After the USATF Outdoor Championships in June, Washington Times colleague Dan Daly wondered aloud why Tyson Gay’s tremendous 100/200 performances did not seem to muster much interest across the sporting world.
Daly pointed to Sept. 27, 1988, as the beginning of the end of credibility in track and field and thus wholesale interest in the sport.
That was the day that Canadian sprinter Ben Johnson was disqualified from the Seoul Olympics after failing a drug test. But 1988 wasn’t necessarily the beginning, as there had been credibility issues with track and field long before. There were political issues that undermined the sport during the 1936 Berlin Olympics when U.S. officials pulled Jewish sprinters Marty Glickman and Sam Stoller off the 400-meter relay team to seemingly appease Adolf Hitler.

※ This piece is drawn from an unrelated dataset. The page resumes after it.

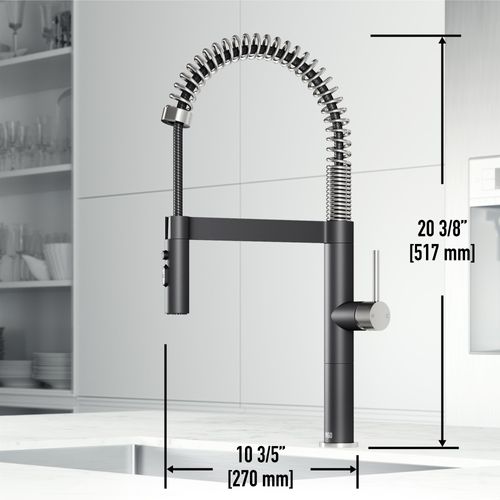 Main product image of Edison Pro Single Handle Pull-Down Kitchen Faucet (Stainless Steel/Matte Black), VG02052STMB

There were accusations for years that the Finns, particularly 1972 and 1976 Olympic 10,000/5,000 gold medalist Lasse Viren, were engaged in blood doping. U.S. marathon great Frank Shorter, who won gold in 1972, continuously has accused the man who beat him out of the gold in 1976 — East Germany’s Waldemar Cierpinski — of taking steroids. Cierpinski also won the marathon in the 1980 Moscow Olympics.
Then came Johnson, and with him Florence Griffith-Joyner. Just two days after Johnson was stripped of Olympic gold, Flo-Jo, maybe not so coincidentally, set the 200-meter world record. Two months before, she set the 100 world record.
Yes, the sport has had its share of detractors, and yes, drugs have played a part. But let’s look at some other professional sports.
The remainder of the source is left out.